For those looking for the war, Vietnam’s greatest attraction is the 75-mile network of tunnels in Cu Chi, where the Viet Cong coordinated hit-and-run strikes against Americans for years. These days it acts as a kind of Viet Cong theme park, which begins with a scratchy documentary showing smiling guerrillas over a sentimental folk soundtrack and a narrative in mangled English extolling their bravery. Hundreds of foreigners climb through the tunnels each day and watch life-size models of Viet Cong fighters chisel weapons from scrap metal, make lethal booby traps, and cook jungle food. You can even buy the real snacks for a few dong from a real-life Vietnamese woman dressed in an imitation Viet Cong uniform and rubber Ho Chi Minh sandals. After Huong led me through the labyrinth, we ended at the shooting range, where visitors can choose from a range of weapons. I bought five Kalashnikov bullets for $5 and blasted an AK-47 at a target 100 yards away.
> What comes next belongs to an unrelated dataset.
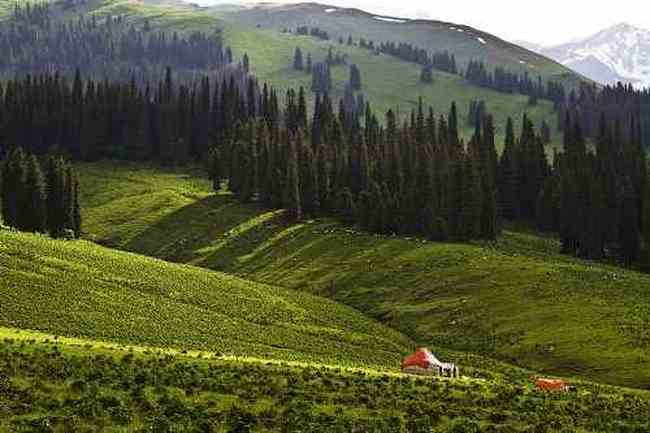 伊犁美景,图八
But perhaps the most poignant exhibits are those in Saigon’s crumbling War Remnants Museum—which until recently was called the War Crimes Museum. One afternoon, I watched a Vietnamese couple show their toddler the exhibit of dioxin-poisoned fetuses curled in jars of formaldehyde in one of the museum’s rooms. But the museum’s biggest display is a room of war photographs, many by the greats like Larry Burrows and Henri Huet, who were among the 135 photographers killed in Indochina between the 1950s and the fall of Saigon. It is the quietest room in the building: Many visitors are simply speechless, perhaps because two years of sanitized coverage from Iraq have left us unprepared for such images. In one photograph shot by Sean Flynn four years before the American photographer was killed in Cambodia at age 29, a Viet Cong suspect is hanging from a tree. In another, four smiling American soldiers squat over two beheaded Vietnamese while one holds their severed heads for the camera. A handwritten note by the anonymous soldier-photographer is tacked underneath, explaining that he shot the picture “to illustrate the fact that the Army can really fuck over your mind if you let it.”
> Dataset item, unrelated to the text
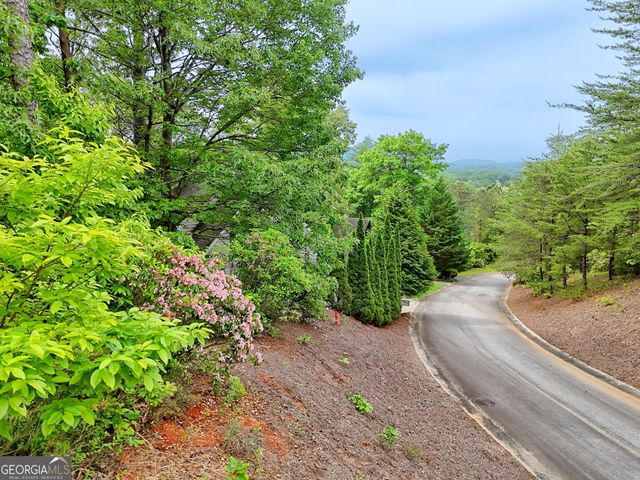 265 Bahn Erlenbruck, Helen, GA 30545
After a long day in the Cu Chi tunnels, Huong led me to one final stop: the Tu Du maternity building at Ho Chi Minh City’s Hoa Binh Hospital. In two small upper rooms of one building, about 10 severely deformed children ranging between 5 and 12 spend their days in a rehabilitation ward. It is one of the few services for about 4,000 children whom city officials say are victims of the Americans’ Agent Orange defoliation campaign. Last month, the New York District Court finally dismissed the major victims’ class-action lawsuit against chemical manufacturers including Dow Chemical and Monsanto, and many Vietnamese—including Huong—are now uncertain whether all the birth defects were the result of dioxin poisoning. Whatever the truth, the hospital is perhaps Vietnam’s most heart-rending live remnant of war, and few tourists ever see it. When I arrived to visit, the program’s director, Dr. Nguyen Thi Phuong Tan, took a photo album filled with pictures of deformed children and dead fetuses from her shelf. In a back room, a boy of about 12 sat banging on a computer keyboard with fingerless hands that were curled into stumps.

On the computer monitor, American soldiers shot imaginary bullets at little digital figures. The boy gave a satisfied yelp as each bullet was fired with an electronic bang. After 30 years, war in this town is finally just a game.